Facebook hopes to boost AI fairness, decrease bias by sharing real-life data

The social media company paid more than 3,000 people in the US to participate in videos used to improve AI.

Queenie Wong Former Senior Writer

Queenie Wong was a senior writer for CNET News, focusing on social media companies including Facebook's parent company Meta, Twitter and TikTok. Before joining CNET, she worked for The Mercury News in San Jose and the Statesman Journal in Salem, Oregon. A native of Southern California, she took her first journalism class in middle school.

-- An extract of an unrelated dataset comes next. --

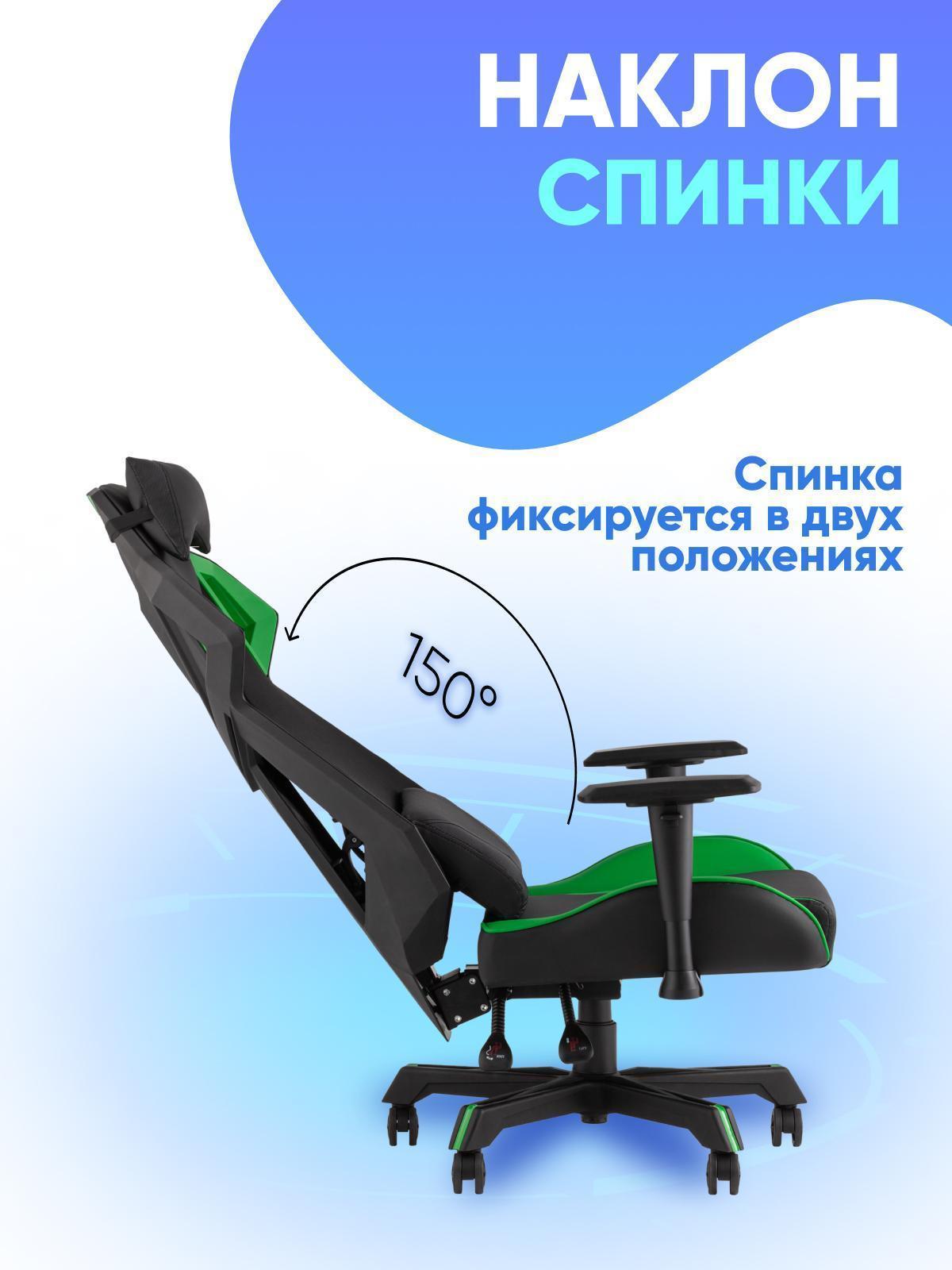 https://img.mvideo.ru/Big/9877badb-4be4-4860-9b1f-ab0b59ad268c.jpg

Expertise I've been writing about social media since 2015 but have previously covered politics, crime and education. I also have a degree in studio art. Credentials

2022 Eddie award for consumer analysis

See full bio

Queenie Wong

April 8, 2021 6:00 a.m. PT

2 min read

Facebook says "biases can make their way into data used to train AI systems."

Sarah Tew/CNET

Facebook said Thursday it's releasing new data that could help researchers improve artificial intelligence systems so they're less biased and more fair.

AI is already being used in various tech products from self-driving cars to facial recognition. While technology can make our lives easier, civil rights groups have raised concerns that biased AI systems could harm minorities. Studies have shown, for example, that facial recognition systems have a harder time identifying women and darker-skinned people.

Part of the problem could lie in the data that tech workers use to train computer systems.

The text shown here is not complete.